Nama Anggota :
Wiwin
Nur Indah Sari
Maria
Ida Fangohoi
Katrina
Ratu
Meryana
Romulus
Mateus
Senu Samon
Prodi : FKIP Bahasa dan
Satra Indonesia
Kelas : 2013 A
Mata
Kuliah : Teori Sastra
BAB 2
SIFAT-SIFAT SASTRA
Salah satu batasan “sastra” adalah
segala sesuatu yang tertulis stsu tercetak. Ilmuan sastra “tidak terbatas pada
belles letters atau manuskrip cetakan atau tulisan dalam mempelajari sebuah
periode atau kebudayaan”, dan kerja ilmuan sastra harus dilihat “dari
sumbangnnya pada sejarah kebudayaan”.
Menurut teori Greenlaw dan praktek
banyak ilmuan lain, studi sastra bukan hanya berkaitan erat, tapi identik
dengan sejarah kebudayaan. Studi yang berkaitan dengan sejarah kebudayaan
cendenrung menggeser studi sastra yang murni. Menyamakan sastra dengan sejarah
kebudayaan berarti menolak studi sastra sebagai bidang ilmu dengan
metode-metodenya sendiri.
Cara lain untuk memberi definisi
pada sastra adalah membatasinya pada “mahakarya” (great books), yaitu buku-buku yang dianggap “menonjol karena bentuk
dan ekspresi sastranya”. Dalam hal ini, kriteria yang dipakai adalah segi
estetis, atau nilai estetis dikombinasikan dengan nilai ilmiah.
Untuk tujuan-tujuan pendidikan,
studi mahakarya memang sangat dianjurkan. Dalam ilmu sejarah, filsafat, dan
ilmu-ilmu lain, pendekatan mahakarya ini memberi penekanan berlebihan pada segi
“estetis”. Nampaknya istilah “sastra” paling tepat diterapkan pada seni sastra,
yaitu sebagai karya imajinatif. Sedangkan istilah “sastra imajinatif” (imaginative literature) dan belles
letters (“tulisan yang indah dan sopan”, berasal dari bahasa Prancis. Istilah
Inggris literature (yang berasal dari
kata Latin litera) mengacu pada karya
tulis atau cetak. Dalam hal ini, istilah Jerman Wortkunst atau istilah Rusia
slovesnost lebih luas jangkauannya dan lebih cocok.
Bahasa adalah bahan baku
kesusastraan, tetapi perlu disadari bahwa bahasa bukan benda mati dan
linguistik dari kelompok pemakai bahasa tertentu.
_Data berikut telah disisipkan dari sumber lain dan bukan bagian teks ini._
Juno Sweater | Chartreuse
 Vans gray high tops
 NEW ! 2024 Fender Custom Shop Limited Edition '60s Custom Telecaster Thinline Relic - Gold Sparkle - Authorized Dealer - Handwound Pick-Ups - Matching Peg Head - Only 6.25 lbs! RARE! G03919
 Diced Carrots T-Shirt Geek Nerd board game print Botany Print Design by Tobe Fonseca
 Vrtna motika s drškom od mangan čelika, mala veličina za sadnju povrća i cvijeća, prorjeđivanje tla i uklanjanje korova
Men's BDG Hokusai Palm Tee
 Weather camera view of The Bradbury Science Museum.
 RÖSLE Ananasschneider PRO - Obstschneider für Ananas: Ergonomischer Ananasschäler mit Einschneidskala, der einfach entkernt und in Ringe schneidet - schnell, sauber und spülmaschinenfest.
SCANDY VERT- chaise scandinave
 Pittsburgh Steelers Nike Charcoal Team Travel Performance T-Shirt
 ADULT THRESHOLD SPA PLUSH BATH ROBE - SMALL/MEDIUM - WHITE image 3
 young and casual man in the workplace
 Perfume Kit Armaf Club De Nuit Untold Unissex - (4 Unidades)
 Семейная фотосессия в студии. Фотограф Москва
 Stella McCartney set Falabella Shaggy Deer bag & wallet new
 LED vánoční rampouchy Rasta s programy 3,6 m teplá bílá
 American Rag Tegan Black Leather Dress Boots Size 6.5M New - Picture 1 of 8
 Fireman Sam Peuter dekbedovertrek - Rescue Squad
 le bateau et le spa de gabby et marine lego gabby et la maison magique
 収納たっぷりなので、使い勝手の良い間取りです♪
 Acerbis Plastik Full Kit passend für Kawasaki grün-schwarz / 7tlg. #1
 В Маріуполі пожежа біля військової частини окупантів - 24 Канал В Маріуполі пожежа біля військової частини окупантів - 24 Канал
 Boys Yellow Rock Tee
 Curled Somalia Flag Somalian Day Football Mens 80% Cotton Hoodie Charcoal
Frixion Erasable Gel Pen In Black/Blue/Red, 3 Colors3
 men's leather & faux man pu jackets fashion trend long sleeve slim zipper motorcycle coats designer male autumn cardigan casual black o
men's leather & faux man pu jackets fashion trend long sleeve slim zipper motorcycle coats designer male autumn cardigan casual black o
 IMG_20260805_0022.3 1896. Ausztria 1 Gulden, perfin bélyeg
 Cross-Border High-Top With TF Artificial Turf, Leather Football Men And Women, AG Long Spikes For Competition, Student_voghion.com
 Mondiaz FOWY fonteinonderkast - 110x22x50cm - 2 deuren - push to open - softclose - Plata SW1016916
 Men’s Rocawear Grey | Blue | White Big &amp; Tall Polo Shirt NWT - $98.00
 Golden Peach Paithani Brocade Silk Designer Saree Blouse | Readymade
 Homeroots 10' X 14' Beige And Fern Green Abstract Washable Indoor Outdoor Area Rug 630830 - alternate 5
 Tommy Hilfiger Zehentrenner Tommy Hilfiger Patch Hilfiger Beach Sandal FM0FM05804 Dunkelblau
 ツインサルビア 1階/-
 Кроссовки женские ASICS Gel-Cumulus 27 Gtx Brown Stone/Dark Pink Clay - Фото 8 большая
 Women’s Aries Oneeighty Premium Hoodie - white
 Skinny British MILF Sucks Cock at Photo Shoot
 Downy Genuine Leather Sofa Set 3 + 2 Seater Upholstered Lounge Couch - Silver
Untuk melihat penggunaan
bahasa yang khas sastra, kita harus membedakan bahasa sastra, bahasa
sehari-hari dan bahasa ilmiah. Sastra juga mengandung pikiran, sedangkan bahasa
emosional tidak dimiliki oleh sastra. Bagaimanapun, bahasa ilmiah bersifat arbitrary (dipilih secara kebetulan,
tanpa aturan tertentu), jadi dapat digantikan oleh tanda lain yang sama
artinya. Tanda juga bersifat maya, tidak menarik perhatian pada dirinya
sendiri, tapi menunjuk langsung pada yang diacunya.
Jadi bahasa ilmiah cenderung
menyerupai sistem tanda matematika atau logika simbolis. Dibandingkan dengan
bahasa ilmiah, dalam beberapa hal bahasa sastra nampak mempunyai kekurangan.
Bahasa sastra juga penuh dengan asosiasi , mengacu pada ungkapan atau karya
yang diciptakan sebelumnya. Dengan kata lain bahasa sastra sangat “konotatif”
sifatnya. Bahasa sastra bukan sekedar bahasa referential, yang hanya mengacu pada satu hal tertentu. Bahasa
sastra mempunyai nada (tone) dan sikap pembicara atau penulisnya. Yang
dipentingkan dalam bahasa sastra adalah tanda, simboisme suara dari kata-kata.
Perbedaan dengan bahasa ilmiah ini
bisa dilihat dalam tingkatan-tingkatan yang berbeda pada berbagai jenis sastra.
Yang lebih sulit adalah membedakan bahasa sastra dan bahasa sehari-hari. Jadi
pertama-tama hanya secara kuantitatif saja dapat kita bedakan bahasa dan sastra
dan bahasa sehari-hari. Bagaimanapun juga setiap karya sastra menciptakan suatu
keteraturan, menyusun, dan memberi kesatuan pada bahan bakunya.
Perbedaan pragmatis antara bahasa
sastra dan bahasa sehari-hari lebih jelas. Seni menciptakan sejenis kerangka
yang menempatkan setiap pernyataannya diluar dunia nyata. “fiksionalitas”,
“ciptaan”, dan “imajinasi” sebagai ciri-ciri khas sastra, mungkin kita mengacu pada
karya-karya Homer, Dante, Shakespeare, Balzac, Keats. Istilah sastra sebagai
karya “imajinatif” di sini tidak berarti bahwa setiap karya sastra harus
memakai imajinasi. Biasanya penulis membuat suatu gambaran umum yang skematis,
yang dibangun atas satu kecenderungan fisik tertentu, sebenarnya pengarang
cukup memberikan gambaran umum yang skematis dan tidak dipenuhi dengan detil.